Stephanie Griffin
Adjunct Assistant Professor, Viola
- Website: stephaniegriffinviola.com
Stephanie Griffin is an innovative violist/composer with a unique and eclectic musical vision. Born in Canada and based in New York City, her musical adventures have taken her to Indonesia, Singapore, Japan, Hong Kong, England, Ireland, Germany, Belgium, Mexico and Mongolia. From large concert halls to the sand dunes of the Gobi desert, she has performed as a soloist and chamber musician in classical, contemporary and improvisational contexts. She has been called “one of the city's most inquisitive, accomplished violists” by Steve Smith in Time Out New York and her playing has been described as “enthralling” by Mark Swed of The Los Angeles Times while The New York Times' Allan Kozinn noted her “fiery, full-throttle performance.”

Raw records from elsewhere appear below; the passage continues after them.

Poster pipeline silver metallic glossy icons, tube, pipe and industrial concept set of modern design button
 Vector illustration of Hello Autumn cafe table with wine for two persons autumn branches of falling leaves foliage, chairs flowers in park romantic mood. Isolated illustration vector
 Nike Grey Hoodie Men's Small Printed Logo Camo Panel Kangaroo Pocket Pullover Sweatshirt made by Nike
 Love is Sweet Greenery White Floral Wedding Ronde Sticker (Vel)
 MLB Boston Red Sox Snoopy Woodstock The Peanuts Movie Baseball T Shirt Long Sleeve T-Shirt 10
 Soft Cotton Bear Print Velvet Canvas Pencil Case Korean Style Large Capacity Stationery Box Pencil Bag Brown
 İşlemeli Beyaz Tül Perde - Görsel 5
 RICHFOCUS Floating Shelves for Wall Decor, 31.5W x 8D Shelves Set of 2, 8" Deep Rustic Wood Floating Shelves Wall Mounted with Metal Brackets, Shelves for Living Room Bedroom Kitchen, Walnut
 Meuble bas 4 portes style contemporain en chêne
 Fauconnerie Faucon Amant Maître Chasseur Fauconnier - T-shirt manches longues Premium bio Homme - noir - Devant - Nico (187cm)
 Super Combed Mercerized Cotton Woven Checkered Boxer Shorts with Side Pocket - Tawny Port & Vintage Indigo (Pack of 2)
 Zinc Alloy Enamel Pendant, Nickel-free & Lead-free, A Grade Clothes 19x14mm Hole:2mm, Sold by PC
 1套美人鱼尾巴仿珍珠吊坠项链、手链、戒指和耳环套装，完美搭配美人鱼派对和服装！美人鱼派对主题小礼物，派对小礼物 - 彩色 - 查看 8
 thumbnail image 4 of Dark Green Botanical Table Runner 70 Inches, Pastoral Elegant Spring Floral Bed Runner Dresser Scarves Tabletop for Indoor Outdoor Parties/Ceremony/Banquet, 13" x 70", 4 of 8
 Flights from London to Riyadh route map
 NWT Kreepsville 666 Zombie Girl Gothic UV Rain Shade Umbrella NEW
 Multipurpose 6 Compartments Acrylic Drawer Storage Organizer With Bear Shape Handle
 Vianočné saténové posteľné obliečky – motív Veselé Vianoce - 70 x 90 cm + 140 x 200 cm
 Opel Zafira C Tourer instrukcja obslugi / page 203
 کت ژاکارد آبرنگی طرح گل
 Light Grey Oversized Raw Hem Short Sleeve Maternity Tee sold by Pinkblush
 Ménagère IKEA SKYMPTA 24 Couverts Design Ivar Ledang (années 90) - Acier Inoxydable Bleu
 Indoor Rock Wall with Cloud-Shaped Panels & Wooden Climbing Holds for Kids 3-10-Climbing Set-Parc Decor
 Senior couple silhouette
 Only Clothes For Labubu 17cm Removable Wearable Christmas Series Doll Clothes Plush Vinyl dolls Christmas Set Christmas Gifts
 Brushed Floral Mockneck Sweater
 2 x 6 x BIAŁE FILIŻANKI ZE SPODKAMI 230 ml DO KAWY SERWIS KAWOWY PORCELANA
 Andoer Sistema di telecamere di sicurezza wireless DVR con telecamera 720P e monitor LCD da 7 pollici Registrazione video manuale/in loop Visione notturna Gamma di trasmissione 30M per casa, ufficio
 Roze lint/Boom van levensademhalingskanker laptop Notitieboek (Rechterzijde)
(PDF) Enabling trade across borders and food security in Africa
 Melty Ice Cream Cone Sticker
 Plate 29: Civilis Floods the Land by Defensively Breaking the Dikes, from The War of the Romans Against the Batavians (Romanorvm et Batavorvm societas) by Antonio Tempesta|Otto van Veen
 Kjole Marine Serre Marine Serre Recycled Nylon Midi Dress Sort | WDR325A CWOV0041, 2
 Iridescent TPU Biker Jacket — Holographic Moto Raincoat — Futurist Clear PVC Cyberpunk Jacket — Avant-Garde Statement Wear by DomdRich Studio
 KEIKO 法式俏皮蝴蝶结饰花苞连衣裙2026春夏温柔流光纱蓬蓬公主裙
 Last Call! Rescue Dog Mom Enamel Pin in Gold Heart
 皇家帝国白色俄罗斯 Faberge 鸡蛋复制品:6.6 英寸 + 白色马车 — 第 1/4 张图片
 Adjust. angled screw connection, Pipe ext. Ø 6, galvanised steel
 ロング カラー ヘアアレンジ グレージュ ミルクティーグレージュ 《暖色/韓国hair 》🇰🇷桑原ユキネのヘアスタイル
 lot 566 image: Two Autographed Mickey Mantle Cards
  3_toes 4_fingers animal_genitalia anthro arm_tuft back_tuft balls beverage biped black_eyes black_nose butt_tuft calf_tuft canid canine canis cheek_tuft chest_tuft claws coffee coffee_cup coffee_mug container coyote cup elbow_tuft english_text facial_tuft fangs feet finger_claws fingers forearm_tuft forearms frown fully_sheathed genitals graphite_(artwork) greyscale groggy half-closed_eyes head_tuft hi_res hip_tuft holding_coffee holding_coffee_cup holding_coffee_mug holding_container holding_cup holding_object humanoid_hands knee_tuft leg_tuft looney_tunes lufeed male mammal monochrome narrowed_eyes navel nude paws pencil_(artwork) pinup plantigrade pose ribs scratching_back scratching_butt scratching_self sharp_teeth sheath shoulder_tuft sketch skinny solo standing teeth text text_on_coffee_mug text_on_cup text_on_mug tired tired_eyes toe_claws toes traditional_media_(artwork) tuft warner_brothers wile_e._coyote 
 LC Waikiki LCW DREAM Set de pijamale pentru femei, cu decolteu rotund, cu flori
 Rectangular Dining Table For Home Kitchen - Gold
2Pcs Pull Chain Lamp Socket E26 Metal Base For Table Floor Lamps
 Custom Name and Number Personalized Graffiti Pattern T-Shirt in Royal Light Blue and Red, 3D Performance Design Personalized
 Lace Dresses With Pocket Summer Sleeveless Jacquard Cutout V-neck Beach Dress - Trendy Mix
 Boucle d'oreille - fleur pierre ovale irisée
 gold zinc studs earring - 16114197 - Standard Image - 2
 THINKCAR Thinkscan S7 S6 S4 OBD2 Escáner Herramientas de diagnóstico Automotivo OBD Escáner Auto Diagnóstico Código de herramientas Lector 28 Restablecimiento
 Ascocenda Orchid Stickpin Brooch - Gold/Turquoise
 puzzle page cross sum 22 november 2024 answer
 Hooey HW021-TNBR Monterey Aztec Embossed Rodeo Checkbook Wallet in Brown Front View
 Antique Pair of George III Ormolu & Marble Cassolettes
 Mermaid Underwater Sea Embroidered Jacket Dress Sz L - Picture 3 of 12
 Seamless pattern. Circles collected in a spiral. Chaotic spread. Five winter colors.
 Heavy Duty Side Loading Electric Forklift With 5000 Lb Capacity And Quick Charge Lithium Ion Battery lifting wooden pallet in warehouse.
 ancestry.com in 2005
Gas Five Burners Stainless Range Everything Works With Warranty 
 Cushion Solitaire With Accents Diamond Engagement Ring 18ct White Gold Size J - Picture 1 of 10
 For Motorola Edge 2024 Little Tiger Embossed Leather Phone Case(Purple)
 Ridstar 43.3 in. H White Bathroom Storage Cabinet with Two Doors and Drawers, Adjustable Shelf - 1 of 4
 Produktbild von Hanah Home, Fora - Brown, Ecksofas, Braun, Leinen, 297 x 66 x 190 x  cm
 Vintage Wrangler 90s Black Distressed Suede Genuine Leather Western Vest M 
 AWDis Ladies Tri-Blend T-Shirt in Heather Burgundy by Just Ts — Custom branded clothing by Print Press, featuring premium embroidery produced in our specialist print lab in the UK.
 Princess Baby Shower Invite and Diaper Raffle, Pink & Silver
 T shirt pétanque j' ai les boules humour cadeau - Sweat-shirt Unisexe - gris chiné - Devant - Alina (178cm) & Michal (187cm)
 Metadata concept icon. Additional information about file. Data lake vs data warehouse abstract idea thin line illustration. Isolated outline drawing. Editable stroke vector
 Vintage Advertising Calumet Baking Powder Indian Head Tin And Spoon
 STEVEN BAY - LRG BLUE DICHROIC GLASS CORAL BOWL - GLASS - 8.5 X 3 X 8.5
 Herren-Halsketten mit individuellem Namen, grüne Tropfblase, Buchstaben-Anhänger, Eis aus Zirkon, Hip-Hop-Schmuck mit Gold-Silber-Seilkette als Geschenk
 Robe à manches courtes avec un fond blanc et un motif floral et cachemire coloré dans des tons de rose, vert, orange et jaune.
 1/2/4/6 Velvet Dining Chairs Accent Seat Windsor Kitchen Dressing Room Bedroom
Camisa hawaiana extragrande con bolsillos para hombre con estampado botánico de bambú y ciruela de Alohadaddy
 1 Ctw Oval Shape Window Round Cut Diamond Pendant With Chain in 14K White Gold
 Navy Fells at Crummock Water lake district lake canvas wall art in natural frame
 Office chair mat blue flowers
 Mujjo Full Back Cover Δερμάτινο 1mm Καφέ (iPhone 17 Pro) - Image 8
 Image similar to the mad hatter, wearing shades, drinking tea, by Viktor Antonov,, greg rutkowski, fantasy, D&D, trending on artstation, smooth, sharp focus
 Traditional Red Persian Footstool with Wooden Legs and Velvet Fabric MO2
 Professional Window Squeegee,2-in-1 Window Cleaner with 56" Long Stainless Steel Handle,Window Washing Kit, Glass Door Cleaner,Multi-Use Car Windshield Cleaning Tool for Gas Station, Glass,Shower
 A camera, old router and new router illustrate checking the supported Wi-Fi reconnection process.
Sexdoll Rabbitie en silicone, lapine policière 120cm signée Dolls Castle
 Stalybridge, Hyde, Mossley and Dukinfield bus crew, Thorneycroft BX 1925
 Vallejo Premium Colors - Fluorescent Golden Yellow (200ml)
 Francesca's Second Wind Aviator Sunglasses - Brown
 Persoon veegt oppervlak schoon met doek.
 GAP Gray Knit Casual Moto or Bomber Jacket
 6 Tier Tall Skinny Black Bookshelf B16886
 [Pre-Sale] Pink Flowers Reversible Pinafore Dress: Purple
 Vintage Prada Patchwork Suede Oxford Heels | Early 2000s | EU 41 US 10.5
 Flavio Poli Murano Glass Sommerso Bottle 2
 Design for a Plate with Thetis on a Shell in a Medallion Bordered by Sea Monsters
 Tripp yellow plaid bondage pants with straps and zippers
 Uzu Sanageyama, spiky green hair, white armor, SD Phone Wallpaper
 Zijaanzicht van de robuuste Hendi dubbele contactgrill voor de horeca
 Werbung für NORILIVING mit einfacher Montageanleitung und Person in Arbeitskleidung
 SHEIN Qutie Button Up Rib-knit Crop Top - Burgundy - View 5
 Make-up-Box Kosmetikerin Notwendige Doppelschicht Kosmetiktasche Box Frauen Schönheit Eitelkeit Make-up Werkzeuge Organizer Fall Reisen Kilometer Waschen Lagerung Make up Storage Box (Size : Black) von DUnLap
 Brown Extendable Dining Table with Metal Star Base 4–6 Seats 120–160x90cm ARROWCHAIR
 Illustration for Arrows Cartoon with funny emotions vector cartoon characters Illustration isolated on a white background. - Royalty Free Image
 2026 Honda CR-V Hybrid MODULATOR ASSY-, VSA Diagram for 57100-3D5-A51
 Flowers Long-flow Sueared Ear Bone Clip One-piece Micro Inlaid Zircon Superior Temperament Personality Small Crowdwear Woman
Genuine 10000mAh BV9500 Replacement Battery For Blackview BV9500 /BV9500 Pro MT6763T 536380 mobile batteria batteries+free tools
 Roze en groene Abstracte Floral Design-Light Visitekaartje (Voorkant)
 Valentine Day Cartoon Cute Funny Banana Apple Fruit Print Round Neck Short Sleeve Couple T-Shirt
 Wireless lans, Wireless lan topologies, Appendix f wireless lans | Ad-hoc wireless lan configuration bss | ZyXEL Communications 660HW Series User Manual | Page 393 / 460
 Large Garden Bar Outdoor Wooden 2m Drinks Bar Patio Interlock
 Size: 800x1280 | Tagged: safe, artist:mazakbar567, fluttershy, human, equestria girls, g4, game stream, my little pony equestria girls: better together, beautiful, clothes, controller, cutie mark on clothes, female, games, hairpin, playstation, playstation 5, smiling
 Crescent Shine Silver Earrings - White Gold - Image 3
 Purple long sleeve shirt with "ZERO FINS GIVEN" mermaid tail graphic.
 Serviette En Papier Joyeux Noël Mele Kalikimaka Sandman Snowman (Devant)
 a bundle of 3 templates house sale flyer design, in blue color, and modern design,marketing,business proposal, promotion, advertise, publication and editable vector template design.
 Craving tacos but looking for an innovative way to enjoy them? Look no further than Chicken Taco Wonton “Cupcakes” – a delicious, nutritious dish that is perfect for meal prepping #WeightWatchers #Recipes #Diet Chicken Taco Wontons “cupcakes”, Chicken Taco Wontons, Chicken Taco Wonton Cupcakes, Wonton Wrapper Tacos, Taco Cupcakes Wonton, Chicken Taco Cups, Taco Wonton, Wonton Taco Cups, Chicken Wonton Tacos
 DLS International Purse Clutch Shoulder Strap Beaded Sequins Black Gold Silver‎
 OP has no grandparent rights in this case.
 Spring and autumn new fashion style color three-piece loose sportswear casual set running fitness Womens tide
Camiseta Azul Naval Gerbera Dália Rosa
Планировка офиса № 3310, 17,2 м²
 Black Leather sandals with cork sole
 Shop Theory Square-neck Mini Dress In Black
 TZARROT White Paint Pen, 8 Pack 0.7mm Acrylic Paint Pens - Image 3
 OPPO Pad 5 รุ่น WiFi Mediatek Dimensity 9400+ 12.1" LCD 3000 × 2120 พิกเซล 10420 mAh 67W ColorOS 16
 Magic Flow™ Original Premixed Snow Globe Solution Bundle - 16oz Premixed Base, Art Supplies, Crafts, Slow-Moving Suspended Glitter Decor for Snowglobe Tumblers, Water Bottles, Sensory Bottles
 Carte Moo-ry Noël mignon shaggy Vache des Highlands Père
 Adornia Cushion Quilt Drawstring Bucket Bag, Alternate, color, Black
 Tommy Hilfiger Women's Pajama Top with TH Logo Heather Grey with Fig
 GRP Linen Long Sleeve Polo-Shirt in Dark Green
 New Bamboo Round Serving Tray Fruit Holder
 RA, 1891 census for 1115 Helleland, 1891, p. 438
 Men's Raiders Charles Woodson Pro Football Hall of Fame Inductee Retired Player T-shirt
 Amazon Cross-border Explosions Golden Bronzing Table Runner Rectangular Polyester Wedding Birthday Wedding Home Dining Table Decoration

As a composer, she was a 2019 Composition Fellow at the Instituto Sacatar in Brazil, and the recipient of the prestigious 2017 Emerging Composer and Sound Artist Fellowship from the Jerome Foundation and the 2016 composition fellowship from the New York Foundation for the Arts. She has a growing catalogue of concert chamber music, and has engaged in fruitful collaborations with choreographers, filmmakers and theater artists. Steve Smith described her hour-long theatrical string quartet for children, “The Lost String Quartet” as “really, really smart, imaginative, and beautifully conceived and executed.” She has taught experimental composition workshops in Indonesia, and was a guest lecturer for the composition seminar at the University of Binghamton and Bates College.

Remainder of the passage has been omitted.